Sat.1 versucht mit einer neuen Telenovela am Vorabend endlich auf einen grünen Zweig zu kommen. Inhaltlich hat die Produktionsfirma filmpool vieles richtig gemacht.
Man kennt solche Eröffnungsszenen auf Filmen oder anderen Serien. Wie in dem Reboot «90210»: Dr. Sarah König (Caroline Frier) und ihre Tochter Leo (Katharina Hirschberg) fahren mit einem Kompaktwagen durch die bayerischen Orte südlich von München. Schliersee statt Los Angeles, das sieht nicht nur besser aus, das ist auch heutzutage in Mode. Eröffnet wird die Serie nicht nur mit tollen Bildern vom Voralpenland, sondern auch von einer Voice-Over von Caroline Frier. Das hätte man nicht unbedingt gebraucht, denn in den ersten fünf Folgen, die vorlagen, wird das Thema noch häufig genug angesprochen.
Die Notfallchirurgin aus Berlin hatte nämlich – das erfährt man in einer der weiteren Folgen abseits des Pilotfilms – einen schweren Autounfall. Nach einer 48-Stunden-Schicht stieg sie in ihren Wagen und ein Sekundenschlaf führte zu einem schrecklichen Schaden. Deshalb entschied man sich für einen Urlaub auf dem Land und wählte das Dörfchen Wiesenkirchen. Phonetisch macht es auch durchaus Sinn, die Gemeinde Schliersee umzubenennen. Friers Alter Ego betreibt Eskapismus von ihrem Berufsleben, Sat.1 möchte mit dieser Realitätsflucht punkten. Denn: Mit Serien wie «Die Rosenheim-Cops», «Der Bergdoktor» und «Die Bergretter» erreicht das ZDF fantastische Zuschauerzahlen, von denen Sat.1 einen Teil haben möchte.
Am Schliersee liegt die Alte Post, in der Sarah König und ihre Tochter Leo zunächst unterkommen. Das sieht schon alles aus, wie in einem Hochglanzkatalog. Manche Szenen machen Sinn, andere sind dann zum Teil etwas dämlich: Eine Autofahrt von Berlin nach München als „Gurkerrei“ zu bezeichnen. Man fährt eigentlich nur Autobahn. Das Smartphone der Tochter muss aufgeladen werden, weil man kein Ladekabel dabei hat? Okay. Man verschläft eines morgens, weil das Smartphone der Tochter wichtiger ist und kein Wecker ertönt? In der Alten Post ist nicht nur ein Hotel, sondern ein Restaurant. Bianca (Rosetta Pedone) führt gemeinsam mit ihrem Vater Donato (Antonio Putignano) und ihrem Bruder Emilio (Gioele Viola) das Anwesen.
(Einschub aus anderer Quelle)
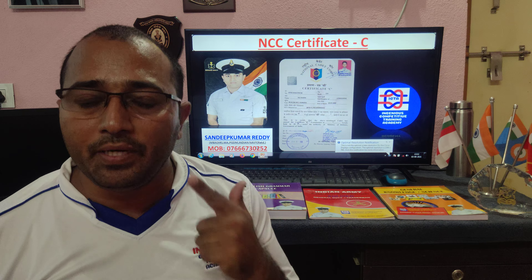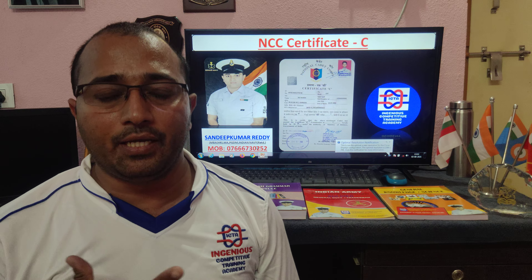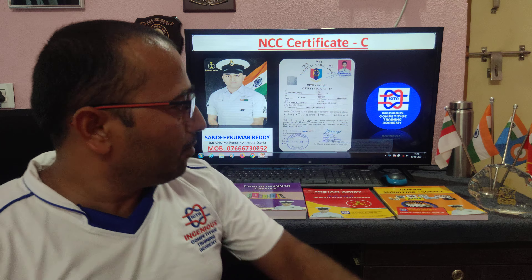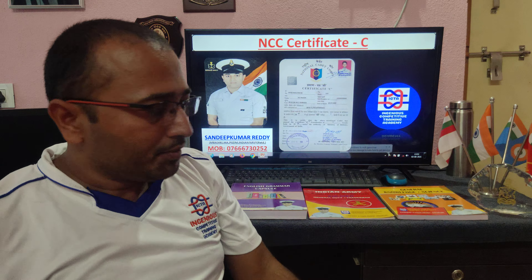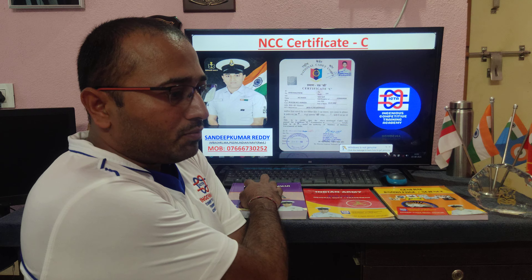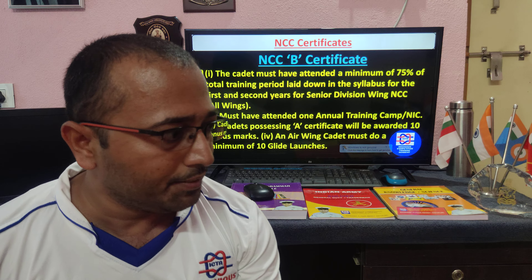Overall intent: I have given my maximum information about A, B, and C through videographic explanation. If you have any doubts, please call me. You have my number. This is what I know regarding all these examinations. If you have a doubt, it is not related to the NCC B certificate. The cadet must have attended a minimum of 75% of total training.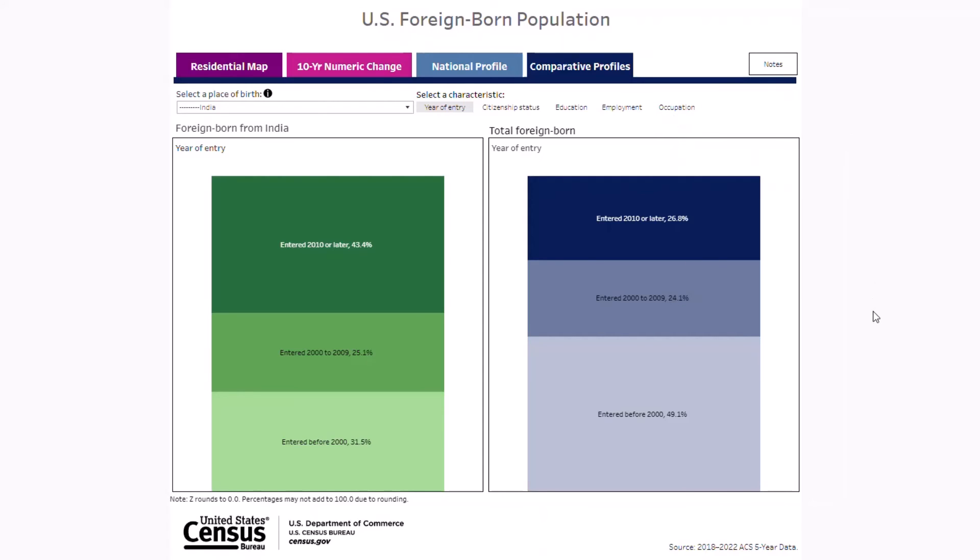These are just a few of the ways you can use this visualization to explore different foreign-born populations. As you can see, this is an exceptionally handy tool to easily find estimates of the U.S. foreign-born population for hundreds of detailed regions, sub-regions, and countries of birth. For more videos like this, visit census.gov/economy, and while you're there, click on subscribe to join our community.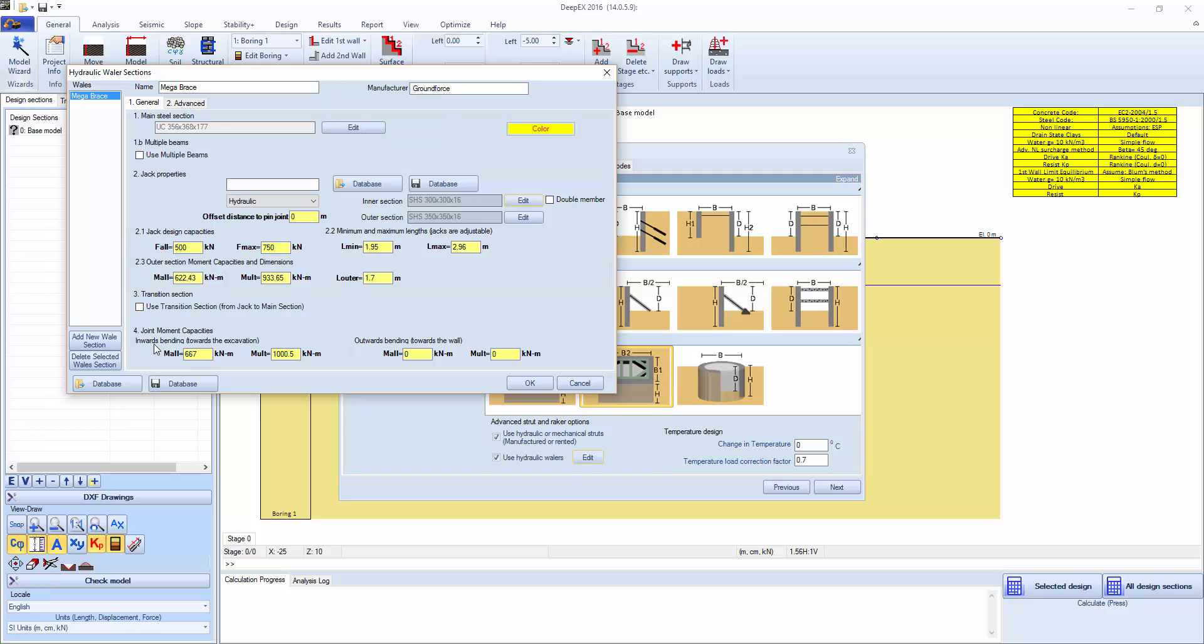We have joint moments for the joints from the different sections, for inwards bending and outwards bending. The ground force doesn't have any capacity on the outwards bending. It's a pin joint in that respect. You just have to locate properly where the joints are in the positive zone moments.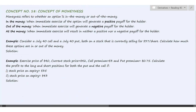Concept number 18: Moneyness. Moneyness refers to whether an option is in the money or out of the money. If exercising the option generates a positive payoff for the holder — that is, a profit — the option is in the money. It is out of the money if it generates a negative payoff, meaning a loss. At the money means a no profit, no loss situation — neither a positive nor a negative payoff.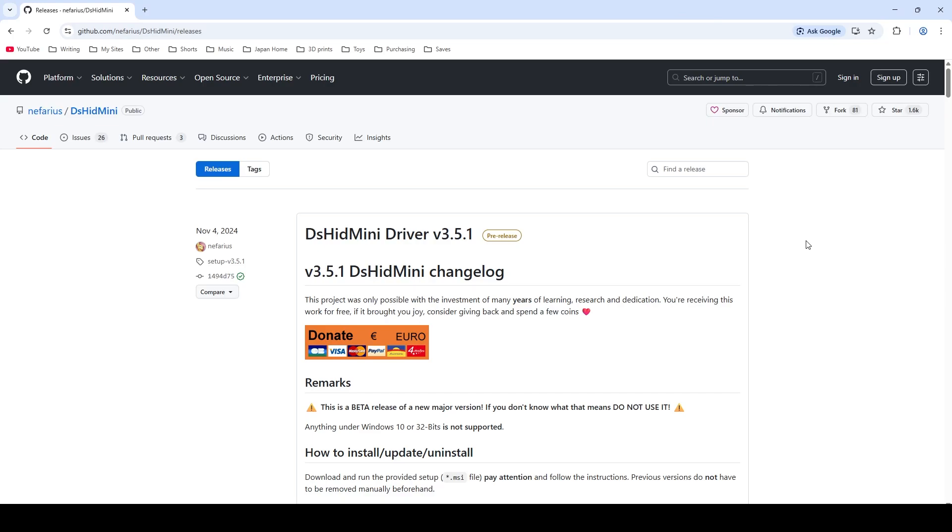So the first thing that we want to do is come over to this GitHub page and download the DSHID Mini. Now I'll include a link to this page down below in the description as well as a page to an alternative site, a storage site that will have that .zip file just in case anything happens to this page. If it goes down you'll have that storage site to fall back to and download the driver.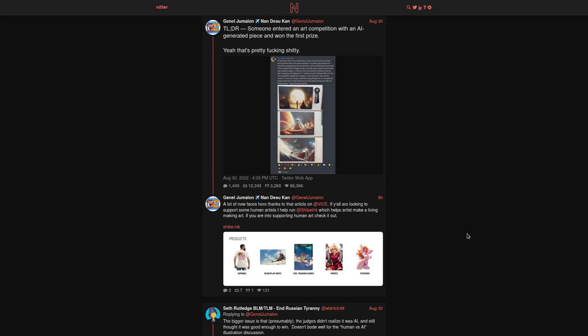And those contests are definitely going to be created. There's already art contests that ban the use of things like Photoshop or filters and touch-ups in the case of photography contests. So ones that ban AI, that's going to come soon.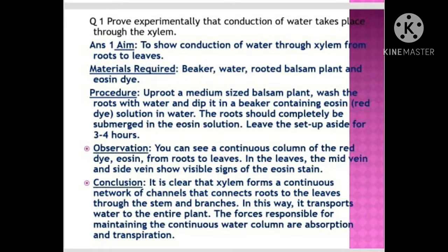Procedure: Uproot a medium-sized balsam plant, wash the roots with water, and dip it in a beaker containing eosin red dye solution in water. The roots should be completely submerged in the eosin solution.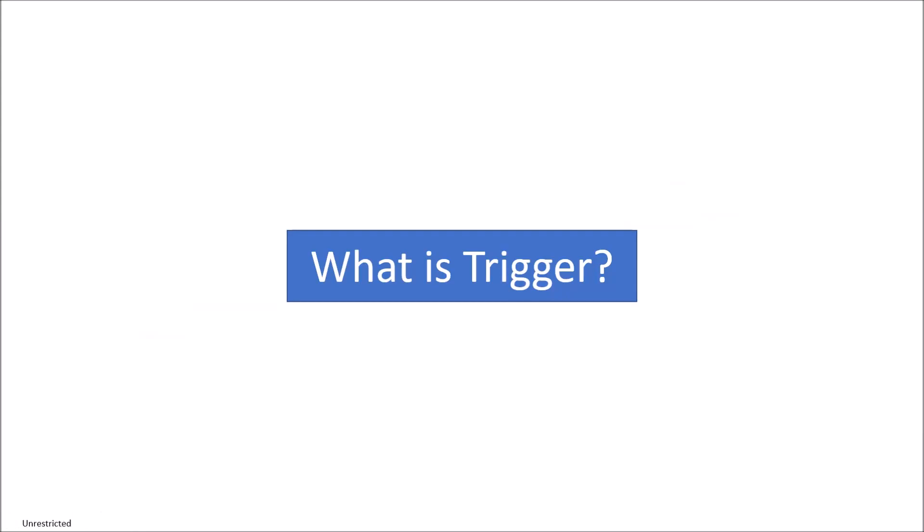Hello guys and welcome back to the channel. So in this video, we will talk about triggers in WPF. So the first question is what is trigger?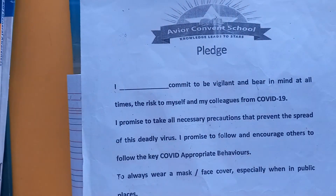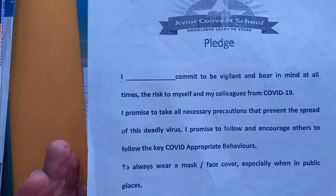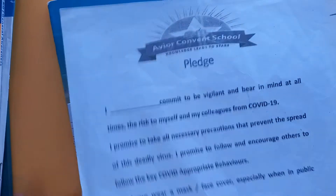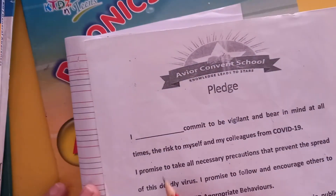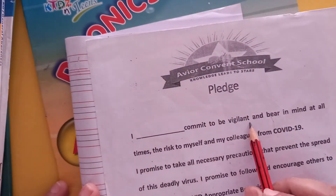A very good morning to all our students. I hope you all are fit and fine and doing well at your home. Let's start our video by taking a pledge. I am Manpreet Kaur.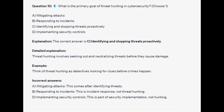For the incorrect answers, mitigating attacks comes after identifying threats. Responding to incidents is incident response, not threat hunting. And implementing security controls is part of security implementation, not hunting.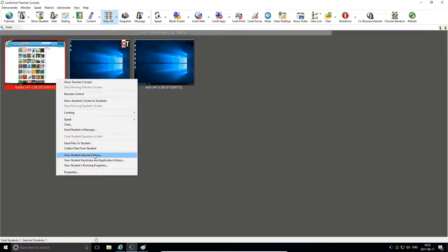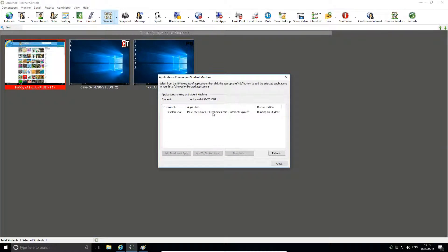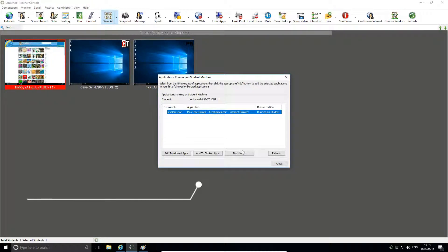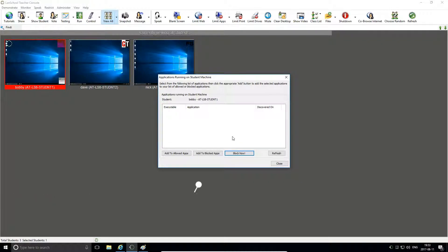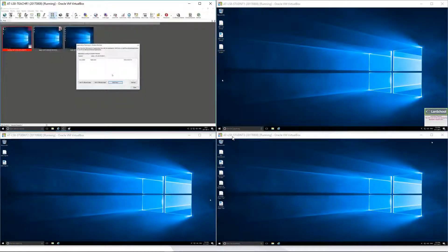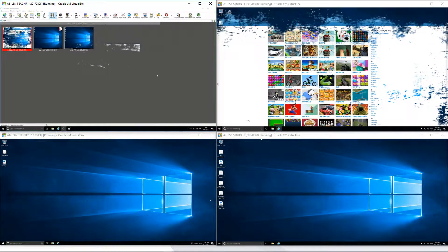When you spot a student disrupting your class, use LanSchool's block tool to identify, isolate and take immediate action against them. Instantly shut down their web browsers or running programs from a list of live processes, closing it down on their machine.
In der dritten Folge, sobald die Geschichte um Sarah König, ihrer Tochter und den Landarzt etwas geklärt ist, bekommt auch die italienische Familie zum Glück mehr Screentime. Vater Donato möchte weiterhin nur gut bürgerliche Küche anbieten, weshalb der Eventabend gestrichen wird. Der Streit wird nicht beendet, es bleibt alles unausgesprochen.
In den ersten zwei Folgen sind sowieso Sarah König, Leo und der Landarzt Fabian wichtiger. Nach einem Ankommen in Dorf hilft sie bei einer Hausgeburt eines Kalbes. Leider sieht man nicht wirklich, wie dort zugepackt wird, erst nach der Hilfe ist die Kamera wieder dabei. Stattdessen lernt der Zuschauer in der Zwischenzeit Leo, den Sohn von Rettungssanitäter Max (Alexander Koll), kennen. Im Verlaufe der ersten zwei Folgen knallen vor allem Sarah und Fabians Vater Dr. Georg Kroiß (Christian Hoenig) mehrfach aneinander. Es kommt bereits in der ersten Folge zum Showdown: Kroiß erleidet einen Herzinfarkt und Dr. König muss bis zum Äußersten Gehen: Ein Luftröhrenschnitt. Natürlich sieht man auch hier nichts. In den weiteren Folgen wird das Geheimnis auf den Tisch gepackt: Leo ist die Tochter von Fabian, doch Sarah traut es sich nicht zu offenbaren. Als dann noch Fabians Frau Dr. Alexandra Seeberger-Kroiß (Katrin Anne Heß) aus München auftaucht, ist das Drama perfekt. Sie möchte unbedingt ein Kind, Fabian ist genervt, was er natürlich auch gegenüber Sarah sagt. Ihm jetzt das Geheimnis mit seiner leiblichen Tochter erzählen? Das wäre vermutlich zu früh und erst in der zweiten Sendewoche könnte dieses Geheimnis offenbar werden.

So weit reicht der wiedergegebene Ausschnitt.